Few weeks ago, the government took a drastic decision to relocate many of the businesses from the Red-light Commercial center to Omega to allow the smooth operation of the road construction work currently going on around the center. This decision was, however, received with mixed reactions from the marketers.
Speaking to the Daily Observer, the chairman of the Liberia Vegetables Sellers Association (LVSA), Sumo Mulbah, said that his association welcomed the decision, but many of his members were scattered all over the market and did not have an ideal place to sell their products.
Mr. Mulbah said that there are more than 300 vegetable sellers at the Omega market and many of them do not have a place to sell.
“The relocation of the vegetable market from Red-light to Omega is a good decision as it puts a stop to huge quantities of vegetables being damaged on the market during transactions. The Red-light market was very congested for vegetable marketing. This place we are today is ideal, but we are appealing to the government for a storage facility to enable our members to preserve their produce.
Mulbah said the construction of a structure will allow all of his members to be arranged in one place so as to enable them to do their businesses better.
According to Mulbah, the vegetable market is one of the important markets that the government needs to invest in to create jobs in the agriculture sector.
He said that they are working with vegetable farmers in the country by empowering them with inputs and linking with buyers to improve their incomes.
Mulbah however, said that there is a need for members of his organization to get empowered with loans to enable the purchase of a vehicle to help transport produce to the markets.
He said not many farmers are able to transport their goods to the market on a regular basis.
The chairman of the vegetables organization also stressed the need for the government to attract them to the export market. According to him, if this is done, it will greatly improve the lives of his members and smallholder vegetables farmers.
Wade Angeline Wilson, a vegetable trader, said “well, we’re pleased with the relocation here at the Omega market. First, when we arrived, the place was so bad, but now we are experiencing some level of improvement. What we want the government to do for us is to construct a hall, where all fruits and vegetables sellers will belong. Even our customers were so disheartened from the beginning. Now, seeing the improvement of the area, they are happy. I want to thank the government for their tireless effort for the improvement of the Omega market. It is our prayer that the government will continue to do more,” she said.
“From the early stage of the relocation, we were very angry about the idea, but what we are now seeing makes us happy,” said Linda Mulbah. “The President is really doing well and we are satisfied. You know everywhere, when development is really to take place, destruction will have to take place. We were vexed, but now we understand.”
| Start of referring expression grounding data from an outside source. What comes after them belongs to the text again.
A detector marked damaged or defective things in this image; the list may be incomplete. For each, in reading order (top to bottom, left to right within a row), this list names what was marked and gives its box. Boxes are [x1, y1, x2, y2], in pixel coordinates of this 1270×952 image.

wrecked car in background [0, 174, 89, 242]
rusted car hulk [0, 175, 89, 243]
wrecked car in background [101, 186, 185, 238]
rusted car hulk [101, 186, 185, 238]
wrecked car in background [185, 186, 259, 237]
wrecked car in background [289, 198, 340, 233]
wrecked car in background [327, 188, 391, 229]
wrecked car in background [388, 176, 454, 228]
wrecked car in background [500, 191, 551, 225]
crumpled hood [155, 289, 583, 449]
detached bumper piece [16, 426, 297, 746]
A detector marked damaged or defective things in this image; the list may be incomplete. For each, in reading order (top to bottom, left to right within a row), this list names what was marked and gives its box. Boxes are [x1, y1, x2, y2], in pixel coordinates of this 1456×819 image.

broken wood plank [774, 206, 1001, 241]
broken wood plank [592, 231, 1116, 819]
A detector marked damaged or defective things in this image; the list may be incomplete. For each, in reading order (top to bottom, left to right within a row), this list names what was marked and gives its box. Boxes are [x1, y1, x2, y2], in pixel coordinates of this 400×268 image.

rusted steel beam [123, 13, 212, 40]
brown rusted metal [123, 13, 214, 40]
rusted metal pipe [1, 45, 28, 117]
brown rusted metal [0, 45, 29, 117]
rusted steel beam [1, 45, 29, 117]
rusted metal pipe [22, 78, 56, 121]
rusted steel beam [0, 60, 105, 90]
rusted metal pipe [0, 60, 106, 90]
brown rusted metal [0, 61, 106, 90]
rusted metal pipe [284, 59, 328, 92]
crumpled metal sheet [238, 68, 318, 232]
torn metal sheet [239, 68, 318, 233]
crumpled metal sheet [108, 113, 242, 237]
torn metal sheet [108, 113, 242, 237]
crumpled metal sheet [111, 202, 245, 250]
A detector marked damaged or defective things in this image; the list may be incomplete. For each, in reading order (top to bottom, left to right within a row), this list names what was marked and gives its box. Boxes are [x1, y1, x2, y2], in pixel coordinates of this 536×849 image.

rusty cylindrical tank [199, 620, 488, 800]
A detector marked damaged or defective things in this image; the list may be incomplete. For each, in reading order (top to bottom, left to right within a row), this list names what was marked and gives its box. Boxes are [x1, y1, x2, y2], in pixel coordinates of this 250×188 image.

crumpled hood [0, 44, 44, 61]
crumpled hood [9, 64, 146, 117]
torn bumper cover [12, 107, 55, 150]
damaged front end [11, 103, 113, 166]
Madam Mulbah recommended a structure for vegetable sellers where they can provide their own tables because of the size of their products.
“We want the President to let us have a space for ourselves in the market. We do not want the tables like the ones in the other structures because they are small,” Madam Mulbah said.
Monica Francis, another vegetable trader, said that the government will do better for vegetable traders if there was storage for their produce at the Omega market. She said that she and other traders were involved in importing exotic vegetables.
“We purchase vegetables from Ivory Coast, Benin and other African countries to supply the Liberian markets. Exotic vegetables, like carrots and tomatoes, are in demand on the market because not many farmers in the country are producing them,” she explained.